DİBS ihraç limiti yüzde 3’ten yüzde 5’e çıkarıldı. Uzmanlar ise mali disiplinin bozulmasıyla para kalmadığı için hükümetin bu denli kararlar aldığını söylüyor.
Böylece hazine piyasadan 21 milyar 640 milyon TL daha borç alma imkânına kavuşacak. İktidarın bu yola başvurmasını Başkent Üniversitesi Öğretim Üyesi Prof. Dr. Ahmet Şahinöz Mezopotamya Ajansından Selman Güzelyüz’e değerlendirdi
Yeni kaynak arayışları
Şahinöz, hükümetin geçtiğimiz yıl 40 milyar TL tutarında yıllar içinde birikmiş ihtiyat akçesi ve yaklaşık 30 milyar TL’lik Merkez Bankası karını hazineye aktardığını hatırlattı. Hükümetin söz konusu hamlesine karşılık bütçe açığını 2019 yılında 120 Milyar TL’ye çıktığını vurgulayan Şahinöz, hazinenin yeni kaynak bulabilmesi için borç yetkisini arttırdığını ifade etti. Şahinöz, “Şimdi başka para kalmadı. Geçen sene başta İmar Affı olmak üzere bedelli askerlik gibi uygulamalardan fazla kazanmıştılar ama bu sene o da yok. Bunlar bir kerelik gelirler. Üstelik bu sene ekonomik faaliyetlerin azalması nedeniyle vergi gelirleri de azaldı. Ama buna karşı ihtiyaçları arttı. Dışarıdan da borç para bulamadıkları için haliyle piyasadan borç bulma uğraşına girdiler. Para kalmadığı için yeni kaynak arıyorlar” diye özetledi.

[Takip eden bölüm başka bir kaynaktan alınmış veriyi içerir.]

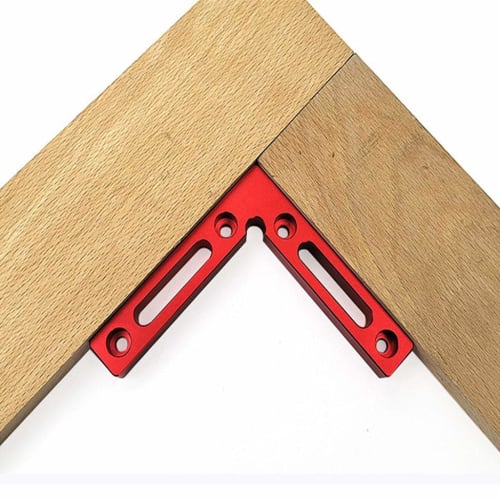 CarAngels Aluminum Full Square Corner Clamp Set of 2, L-Shaped, 90 Degree Square, Woodworking Fixing and Tightening Tool (New Model)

Kıdem Tazminatını yağmalayacaklar
“Yöneticilerin harcama hovardalığı ülkeyi bu hale getirdi” diye devam eden Şahinöz, bütçe açığı ve ekonomik faaliyetlerin durması nedeniyle vergi gelirlerinde yaşanan düşüşün hükümeti ciddi oranda zora soktuğunu söyledi. Hükümetin mevcut sıkışıklığı aşmak uğruna işçilerin kalesi sayılan kıdem tazminatına göz diktiğini de sözlerine ekleyen Şahinöz, “Daha önce İşsizlik Fonu’nda saldırıp oradaki kaynakları harcadıkları gibi, bu sefer de işçilerin kıdem tazminatını bir fona devredip, o fondan biriken kıdem tazminatını kullanacaklar. Bu yüzden de hazinenin borçlanma limitini arttırdılar” dedi.
Bilançoları makyajlama
Yeditepe Üniversitesi Öğretim Üyesi Prof. Dr. Veysel Ulusoy ise, yapılmak istenenin piyasaya sunulan kredi hacmini arttırması ve kredi bilançoların makyajlama amacı taşıdığını söyledi.
Ulusoy, hükümetin hazırlığını şöyle değerlendirdi: “Bir yönüyle hazine tarafından kamu bankaları ve kamu katılım bankalarına verilen hatır senedi olan DİBS’ler, kredi genişlemesi ve benzeri amaçla piyasaya sunulan kredi hacmini artırma ve bilançoları makyajlama amacı taşıyan yöntemdir. DİBS’leri hazineden alan kamu bankaları, temel olarak bunu Merkez Bankası’na repo sistemiyle yatıracak ve elde ettikleri parasal genişlemeyle yine kredilerini artırma, gayrimenkul sektörünün fonlamasına yardım etme ve benzeri amaçlı kullanıma gidecektir. Türkiye Varlık Fonu kapsamında işlenecek bu parasal genişleme; bir bakıma görev zararları oldukça yüksek seviyede olan kamu bankalarının bilançolarını da makyajlayacak bir ortam yaratacaktır.”
İslami ekonomi
Tartışılması gereken diğer bir konunun ise katılım bankalarının belirli bir faiz oranıyla fonda yararlanması meselesi olduğunu dile getiren Ulusoy, “İslami ekonominin tartışıldığı şu günlerde bu faizin de gündeme gelmesi gerekir” dedi. Ulusoy, sözlerini şöyle tamamladı: “2019 yılı Merkezi Yönetim Bütçe Kanunu’nda, Bütçe Kanunu’nun 1’inci maddesinin birinci fıkrasının (a) bendi ile belirlenen başlangıç ödeneklerinin yüzde 3’üne kadar ikrazen Özel Tertip Devlet İç Borçlanma Senedi ihraç edilebileceği, ihraç edilecek ikrazen Özel Tertip Devlet İç Borçlanma Senetlerinin kamu sermayeli bankalar ile kamu kurum ve kuruluşları arasındaki dağılımını, senetlerin vadesini, faiz ve diğer şartlarını belirlemeye Hazine ve Maliye Bakanlığı’nın yetkili olduğu hüküm altına alınmıştır.”